Kayınbabam ve kayınvalidem sonra da sırayla hoşgeldiniz muhabbeti başlamıştı. Sıra benle Serger' e gelince kadın ilk başta Serger'le gülümseyerek selamlaşırken , bana gelince yüzünü buruşturdu. Yaptığı hareketle sağ kaşım yukarı kalktı.

" Ay yeni gelin sen misin ? Pek bir cılızmışsın sen! Serger oğlum , gerçekten bu kız mı?" Diye söylendi. Söyledikleriyle yüzüm kızarmaya başlamıştı sinirden . Hemen yanımdaki Serger'e baktım onun da gözleri beni bulurken hemen gözünü kaçırarak , kadına karşı konuşacakken sözünü kestim.

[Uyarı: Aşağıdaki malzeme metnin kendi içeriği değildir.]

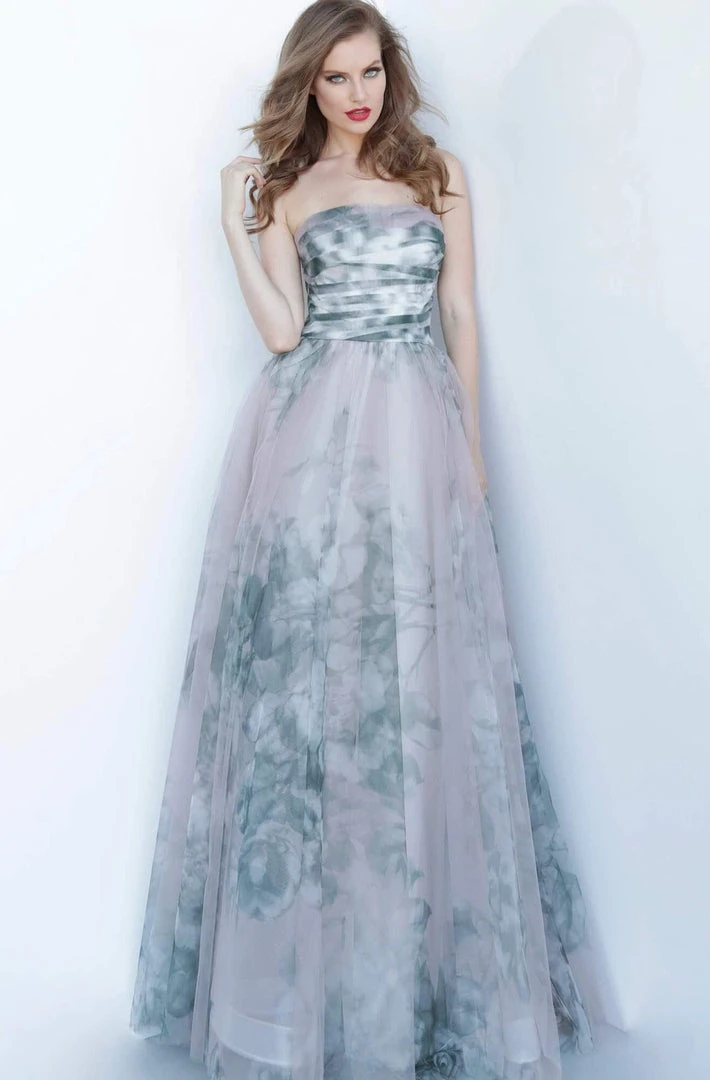 Jovani - 4434 Strapless Printed Pleated Straight Neck A-line Dress 3 Jovani - 4434 Strapless Printed Pleated Straight Neck A-line Dress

" Pardon teyzecim ama benim gayete fiziğim yerinde ve güzelliğimde dillere destan . Ben olmayacaktım da kim olacaktı? Siz mi ? Bunun için baya yaşlısınız ama !" Son sözleri söylememle başta Serger olmakla beraber konaktakilerden küçük bir kıkırdama oluştu. Yalnızca adını bilmediğim kadın ,kızı gülümsememişti ki , gülselerdi gerçekten artık bir sorun olduğunu düşünecektim.

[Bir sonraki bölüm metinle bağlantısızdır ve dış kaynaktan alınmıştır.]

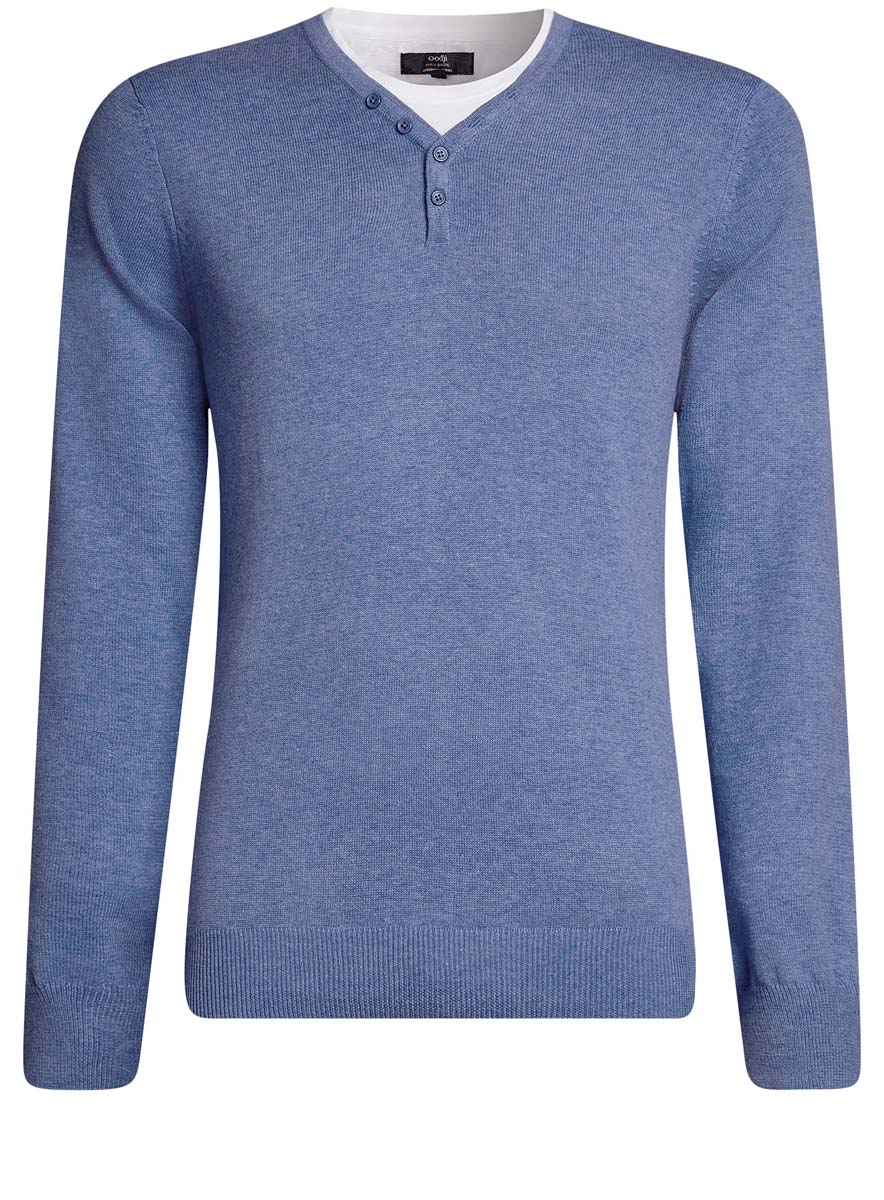 Пуловер мужской oodji Basic, цвет: светло-синий, белый. 4B212006M/39245N/7410B. Размер M (50)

Gülüşmeler durunca Dildar Hanım , 'misafirlerimizi' de alarak avluya geçti. Arkalarından bende gidicektim ki biri kolunu tutu. Kim olduğuna bakacaktım ki kokusundan Serger olduğunu anladım. Ne oldu diye kafamı sallamamla çapkınca gülümsedi ve kulağıma yaklaşarak ." Bu kendi savunmaların varya, ufff aşırı seksi oluyorsun karıcım ." Dedi ona ters bir bakış attım. " Hâlâ, hâlâ iyiki sana karşı öyle değilim yoksa halimiz ne olurdu?" Dedim dudağımı büzerek. Arkamı döndüm ve şalımı arkaya doğru attarak ilerledim. Arkamdan Serger'in gülme sesi geldi.

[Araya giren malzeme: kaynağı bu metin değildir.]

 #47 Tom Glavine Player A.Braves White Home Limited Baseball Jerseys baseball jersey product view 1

Akşam olmuş herkes yemek masasına oturmuştu. Bizde Dilan yengeyle servis yapıyordu sadece masada adını yeni öğrendiğim Hevi yoktu . Tam servisi bitirip oturacakken , Hevi gelmişti . Herkesin gözleri ona dönmüştü refleksle ama tabi bu sadece refleklesle değildi çünkü Hevi giydiği kısacık elbisesi ve göğüs dekoltesi ile herkesin ona bakmasını sağlamıştı. Tam ben yerime oturacakken Hevi hızla gelerek Serger'in yanına oturmuş ve bacaklarını üst üste atarak zaten kısa olan eteğini artık arşa çıkarmıştı. Herkes bir bana bir Hevi'ye bakarken , Serger ise tedirgin bakışlarını bana döndürmüştü.Sinirden yüzümün kıpkırmızı olduğuna emindim artık. Hızla Hevi'nin kolunu tutarak kaldırdım. Bunu yapmamla sanki öldurmüşüm gibi cırlaması bir oldu.